When it comes to streaming, Warner Bros Discovery Inc (NASDAQ:WBD) reached profitability before its legacy media rivals such as The Walt Disney Corporation (NYSE:DIS), Comcast Corporation (NASDAQ:CMCSA) and Paramount Global (NASDAQ:PARA). However, with a slump in advertising revenue, Warner Bros missed both top and bottom-line estimates with its fourth quarter results. After the report, shares fell 12% in early trading on Friday.
Fourth Quarter Highlights
For the quarter that ended on December 31st, Warner Bros reported revenue of $10.28 billion that came short of LSEG’s estimate of $10.35 billion.

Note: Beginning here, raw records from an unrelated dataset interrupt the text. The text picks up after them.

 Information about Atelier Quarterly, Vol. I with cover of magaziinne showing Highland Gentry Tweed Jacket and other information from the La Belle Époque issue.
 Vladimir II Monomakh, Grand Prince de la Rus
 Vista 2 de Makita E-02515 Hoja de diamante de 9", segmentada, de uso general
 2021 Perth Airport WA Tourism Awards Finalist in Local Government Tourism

Warner Bros made a fourth-quarter net loss of $400 million, or 16 cents per share, narrowing down its 2023’s comparable quarter loss of $2.1 billion, or 86 cents per share. Adjusted EBITDA dropped 5% YoY to $2.5 billion, with the drop attributed to the underperformance of studio revenue that was the result of the unforseen WGA and SAGAFTR strikes. Studio revenue tanked 17% to $3.17 billion.

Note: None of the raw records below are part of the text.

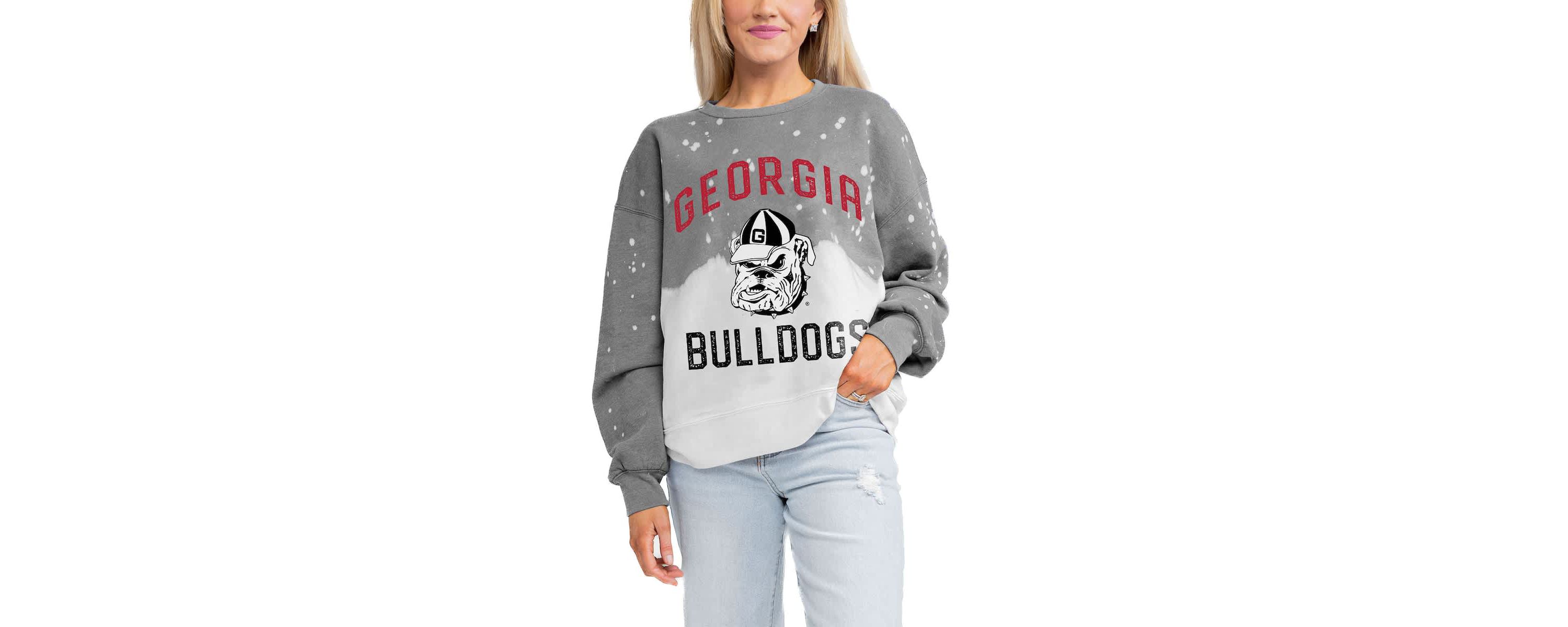 NCAA Georgia Bulldogs Twice As Nice Faded Crewneck Sweatshirt
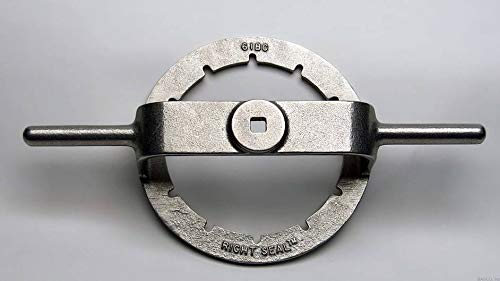 Crosscourt Commerce | Right Seal | Industrial Tote & Ibc Fill Cap Wrench | Aluminum | Manual Or Torque | 6 Inch #TOP4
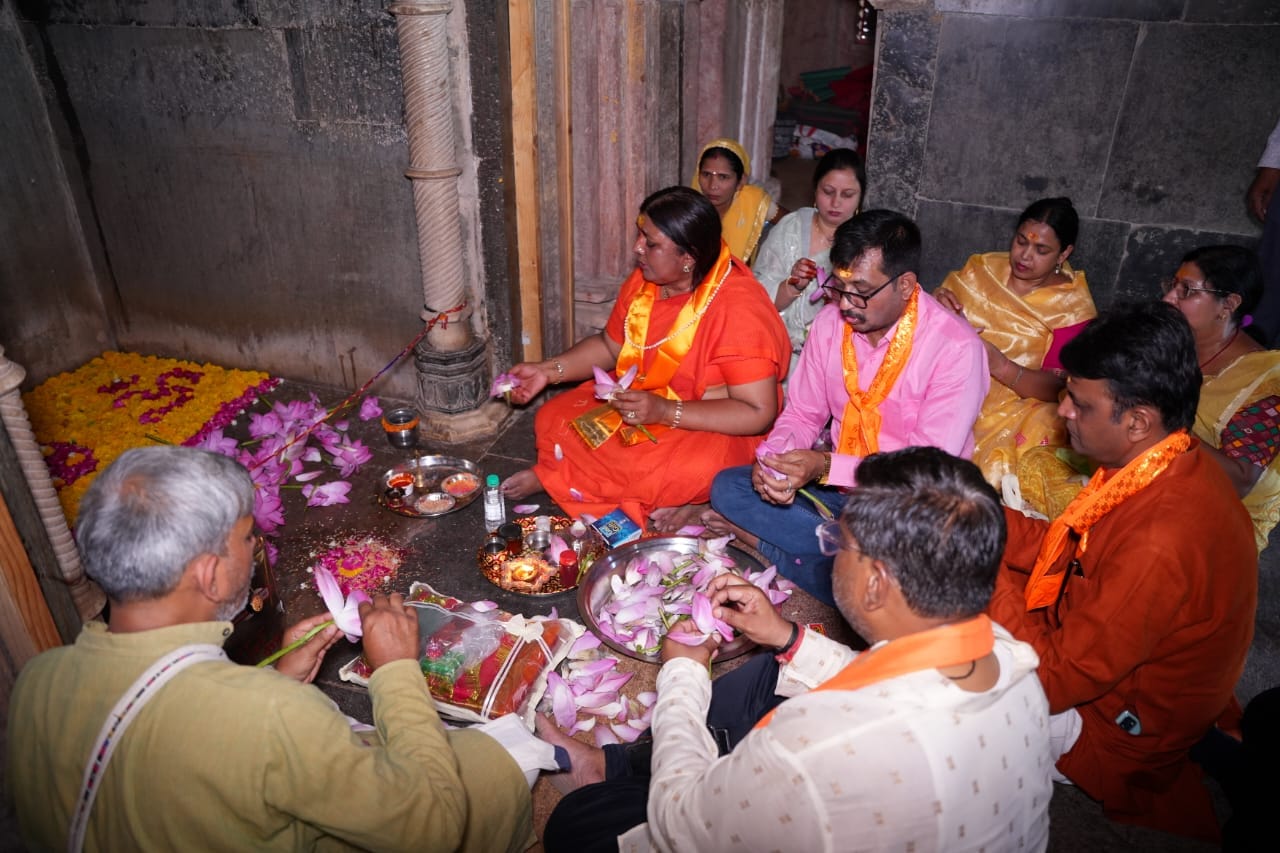 धार भोजशाला पहुंचीं रंजना अग्रिहोत्री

Excluding the impact of foreign currency exchange, Discovery reported a 14% decline in linear television advertising revenue with a 4% drop in actual distribution revenue.
On a brighter note, Warner Bros Discovery ended 2023 with a 86% YoY rise in free cash flow that amounted to $6.16 billion. With the Olympic Games on this year’s repertoire, CFO Gunnar Wiedenfels is expecting another strong year of FCF but declined to provide an official guidance.
Although Warner Bros still has $44.2 billion of gross debt, it paid off $12 billion of debt over the last two years.
Warner Bros Made Streaming History
Warner Bros got ahead of the legendary Disney, Comcast and its NBCUniversal, as well as Paramount Global by reaching profitability on the streaming front. Max wrapped up 2023 by becoming profitable, with full-year adjusted EBITDA amounting to $103 million. This success is owed to dramatically lowered content spending.
Although Warner Bros expects Max another profitable full-year, it will be in for a loss during the first half of the year due to increased content spending. By the end of the year, Max’s advertising tier that is currently only available in the U.S., will expand to 40 international markets. Warner Bros guided for Max’s 2025 EBITDA of $1 billion for 2025.
For the quarter, Max expanded its global direct-to-consumer subscribers to 97.7 million, which represents a 2% increase compared to the previous quarter.
Disney+ reported 111.3 million core subscribers in the fourth quarter, as it lost 1.3 million subscribers due to price hikes. But Disney, the preeminent creator of entertainment content on the planet, is merely claiming it’s on track to become profitable by the end of this fiscal year.
NBCUniversal, that Comcast presents as a more creator-friendly studio for filmmakers and talent compared to its rivals, also still hasn’t reach profitability. Its flagship streaming offering, Peacock recorded revenue beyond $1 billion for the first time during the fourth quarter that ended on December 31st. Comcast reported Peacock’s revenue rose 57% to $1.03 billion as it added 3 million subscribers, but although it narrowed its losses, it still ended up with an adjusted loss of $825 million. Meanwhile, Paramount began the year with the announced layoffs that include about 800 of its U.S. staff. Returning to earnings growth this year is a priority for Paramount that also tweaked its content strategy. Paramount is hoping to join Warner Bros on the profitable side by focusing on Hollywood hits and producing fewer local and international original content.
Warner Bros Discovery told a remarkable turnaround story in the streaming kingdom.
It is no overstatement to say that Warner Bros did a great job not only in navigating the challenges of the highly competitive streaming arena but also in setting the course for a profitable future. 2023 was undoubtably a hell of a year for media entertainment companies that suffered huge setbacks from the strikes. But it also brought a remarkable story of Warner Bros Discovery’s journey from financial hardship to being the first to reach profitability in a constantly evolving landscape.